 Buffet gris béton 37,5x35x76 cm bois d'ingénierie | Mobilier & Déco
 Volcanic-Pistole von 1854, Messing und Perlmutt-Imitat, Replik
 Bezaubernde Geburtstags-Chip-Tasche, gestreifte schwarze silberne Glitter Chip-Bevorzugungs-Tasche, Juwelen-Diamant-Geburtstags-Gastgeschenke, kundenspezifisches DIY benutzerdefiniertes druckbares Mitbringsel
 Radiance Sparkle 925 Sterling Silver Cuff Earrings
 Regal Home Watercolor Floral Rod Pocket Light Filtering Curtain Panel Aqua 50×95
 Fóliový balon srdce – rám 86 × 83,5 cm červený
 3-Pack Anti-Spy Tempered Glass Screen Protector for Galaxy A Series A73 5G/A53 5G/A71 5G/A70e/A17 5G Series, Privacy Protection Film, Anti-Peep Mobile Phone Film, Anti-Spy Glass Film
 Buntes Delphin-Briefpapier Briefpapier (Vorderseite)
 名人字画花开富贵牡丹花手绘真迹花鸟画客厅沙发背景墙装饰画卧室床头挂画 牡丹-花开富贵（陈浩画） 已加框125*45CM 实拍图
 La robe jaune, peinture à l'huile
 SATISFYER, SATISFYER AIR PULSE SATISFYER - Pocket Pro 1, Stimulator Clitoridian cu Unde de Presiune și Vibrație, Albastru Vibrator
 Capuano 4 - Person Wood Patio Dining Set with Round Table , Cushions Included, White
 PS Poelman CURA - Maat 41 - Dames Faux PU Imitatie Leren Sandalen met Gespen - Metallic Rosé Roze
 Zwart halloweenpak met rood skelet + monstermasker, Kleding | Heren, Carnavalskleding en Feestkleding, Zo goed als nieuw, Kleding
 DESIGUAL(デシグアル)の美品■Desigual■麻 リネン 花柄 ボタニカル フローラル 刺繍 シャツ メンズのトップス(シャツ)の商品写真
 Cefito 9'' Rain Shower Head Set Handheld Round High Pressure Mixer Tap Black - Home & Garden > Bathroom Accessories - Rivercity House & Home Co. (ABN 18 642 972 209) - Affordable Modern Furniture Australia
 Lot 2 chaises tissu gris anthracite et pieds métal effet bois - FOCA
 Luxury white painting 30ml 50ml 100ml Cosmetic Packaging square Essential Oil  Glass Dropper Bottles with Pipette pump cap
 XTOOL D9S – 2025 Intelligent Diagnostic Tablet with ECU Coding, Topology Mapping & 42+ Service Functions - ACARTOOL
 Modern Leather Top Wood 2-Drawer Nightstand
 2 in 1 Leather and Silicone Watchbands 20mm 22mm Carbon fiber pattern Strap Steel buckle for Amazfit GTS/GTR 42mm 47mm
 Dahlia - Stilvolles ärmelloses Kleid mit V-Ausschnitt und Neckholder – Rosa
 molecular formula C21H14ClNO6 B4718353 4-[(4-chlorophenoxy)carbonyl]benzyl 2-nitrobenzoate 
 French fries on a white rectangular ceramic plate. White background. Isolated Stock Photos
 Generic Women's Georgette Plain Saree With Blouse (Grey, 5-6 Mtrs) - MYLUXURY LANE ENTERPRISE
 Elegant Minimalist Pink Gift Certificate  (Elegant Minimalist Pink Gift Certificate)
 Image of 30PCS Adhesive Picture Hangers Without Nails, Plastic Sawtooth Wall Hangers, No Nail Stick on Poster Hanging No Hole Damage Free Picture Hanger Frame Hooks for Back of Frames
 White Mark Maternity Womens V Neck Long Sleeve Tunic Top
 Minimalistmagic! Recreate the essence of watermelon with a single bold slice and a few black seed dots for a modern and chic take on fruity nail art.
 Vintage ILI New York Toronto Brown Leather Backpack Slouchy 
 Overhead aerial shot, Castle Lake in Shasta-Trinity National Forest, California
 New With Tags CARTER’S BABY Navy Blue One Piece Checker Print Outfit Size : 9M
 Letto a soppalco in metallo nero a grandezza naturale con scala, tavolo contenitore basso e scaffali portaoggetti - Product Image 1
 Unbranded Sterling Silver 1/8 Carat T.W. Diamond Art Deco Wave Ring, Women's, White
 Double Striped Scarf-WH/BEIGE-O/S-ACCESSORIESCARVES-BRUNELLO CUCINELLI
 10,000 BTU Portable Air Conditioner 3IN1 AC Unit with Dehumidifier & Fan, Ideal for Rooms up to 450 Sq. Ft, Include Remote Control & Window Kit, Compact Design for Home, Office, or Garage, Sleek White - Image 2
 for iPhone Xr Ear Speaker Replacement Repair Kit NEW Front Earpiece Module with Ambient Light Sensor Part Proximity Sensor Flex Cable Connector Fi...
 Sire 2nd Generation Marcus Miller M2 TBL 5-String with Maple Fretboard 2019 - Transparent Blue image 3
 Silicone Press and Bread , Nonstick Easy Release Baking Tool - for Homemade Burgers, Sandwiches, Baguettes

____

- TASK BRIEF -
Search the preceding listing for "Blue" and extract every line where it is found.

- RESPONSE TO THIS EXERCISE -
 New With Tags CARTER’S BABY Navy Blue One Piece Checker Print Outfit Size : 9M
 Sire 2nd Generation Marcus Miller M2 TBL 5-String with Maple Fretboard 2019 - Transparent Blue image 3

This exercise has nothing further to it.